Some intermetallic compounds in the Ga-Pd system have recently been explored as highly selective heterogeneous catalysts in the semi-hydrogenation of acetylene [1] which is a huge business in chemical industry. Compared to pure Pd or alloyed catalysts, intermetallic compounds with well-defined crystalline structures and therefore fixed sites of the catalytically active element have a considerably higher long-term stability. This has been explained according to the active-site isolation concept [2].
Although the technical application of catalysts made from intermetallic phases will be based on ultra-fine powders or even nanoparticles, single crystals of these compounds are needed to study their intrinsic properties, e.g. their anisotropic surface structures, and basic processes of catalysis. It is only recently that advances in the growth of large single-grain crystals allow the UHV preparation of low-index atomic surfaces to perform fundamental investigations by means of surface analytical tools.
Especially the phases PdGa (FeSi structure type, space group P213), Pd3Ga7 (Ir3Ge7 structure type, space group Im3m) and Pd2Ga (Co2Si structure type, space group Pnma) have shown their high potential as heterogeneous catalysts [3]. That is, why we try to grow cm3-size single crystals of these Ga-Pd phases. Each phase needs specific conditions for crystallization that can be deduced from the phase diagram, see Fig. 1 [4].
 Fig. 1: Ga-Pd phase diagram, after [4].
PdGa can be grown either from a congruent melt or from Ga- or Pd-rich high-temperature solutions. The same options principally exist for growing Pd2Ga, but quite high liquidus temperatures and accordingly a high Ga vapour pressure suggest crystallization from a Ga-rich melt. Contrary, Pd3Ga7 is only stable at temperatures lower than 460°C and crystal growth is limited to a crystallization from a Ga-rich solution at relatively low temperatures making materials transport and the preparation of inclusion-free single crystals the main problem.
We have grown single crystalline samples of Pd3Ga7, PdGa and Pd2Ga by the Czochralski method from off-stoichiometric melts.
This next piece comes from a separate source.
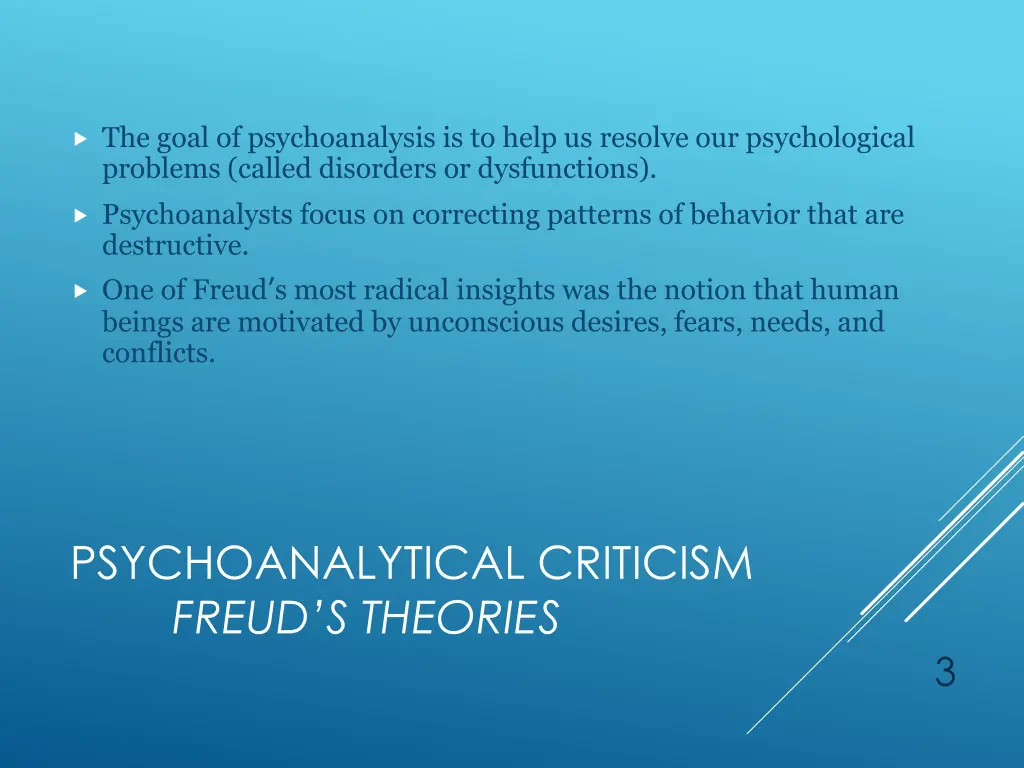 the goal of psychoanalysis is to help us resolve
The obtained PdGa single crystals (Fig. 2) show a fairly high structural perfection [5] and offer a wide scientific playground based on the complexity of enantiomorphism and the polarity of specific faces. Pd2Ga is characterized by a broad stability region with retrograde solubility of the excess component. Thus, precipitation of the orthorhombic Pd5Ga3 phase may occur during post-growth cooling depending on the growth temperature. With Pd3Ga7 the inclusion of liquid solution droplets during growth is the most severe problem. These inclusions can even destroy the already grown crystal because of density changes occurring during the low-temperature peritectic reaction. What is common in Czochralski growth of these intermetallic phases is the need for a fully metal-sealed growth chamber to prevent traces of oxygen from entering the system and covering the melt surface. A very low pulling rate (typically 100 µm/h) combined with additional tools to assist materials transport adjacent to the growth interface is a prerequisite to avoid mother liquid inclusions in the growing crystals.
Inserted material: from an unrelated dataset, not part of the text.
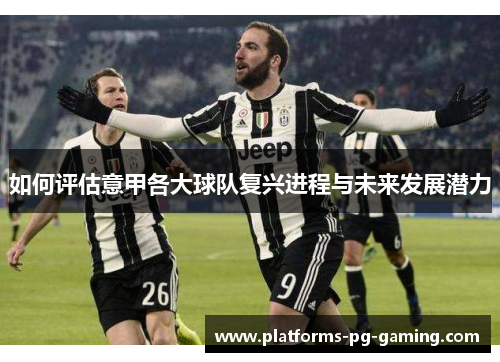 如何评估意甲各大球队复兴进程与未来发展潜力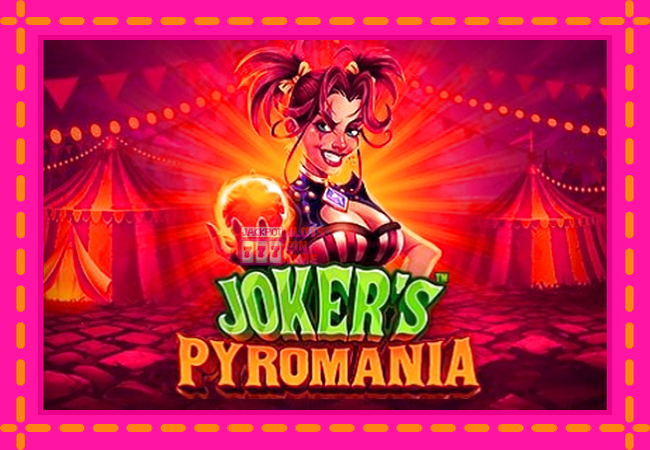 Slot machine Jokers Pyromania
 Fig. 2: PdGa single crystal grown from a Pd45Ga55 melt (grid size: 1 mm).
[1] J. Osswald et al., J. Catal. 258 (2008), 210.
[2] W.M.H. Sachtler, Catal. Rev. Sci. Eng. 14 (1976), 193.
[3] M. Armbrüster et al., J. Am. Chem. Soc. 132 (2010), 14745.
[4] H. Okamoto, J. Phase Equilibria Diffusion 29 (2008), 466.
[5] P. Gille et al., Intermetallics 18 (2010), 1663.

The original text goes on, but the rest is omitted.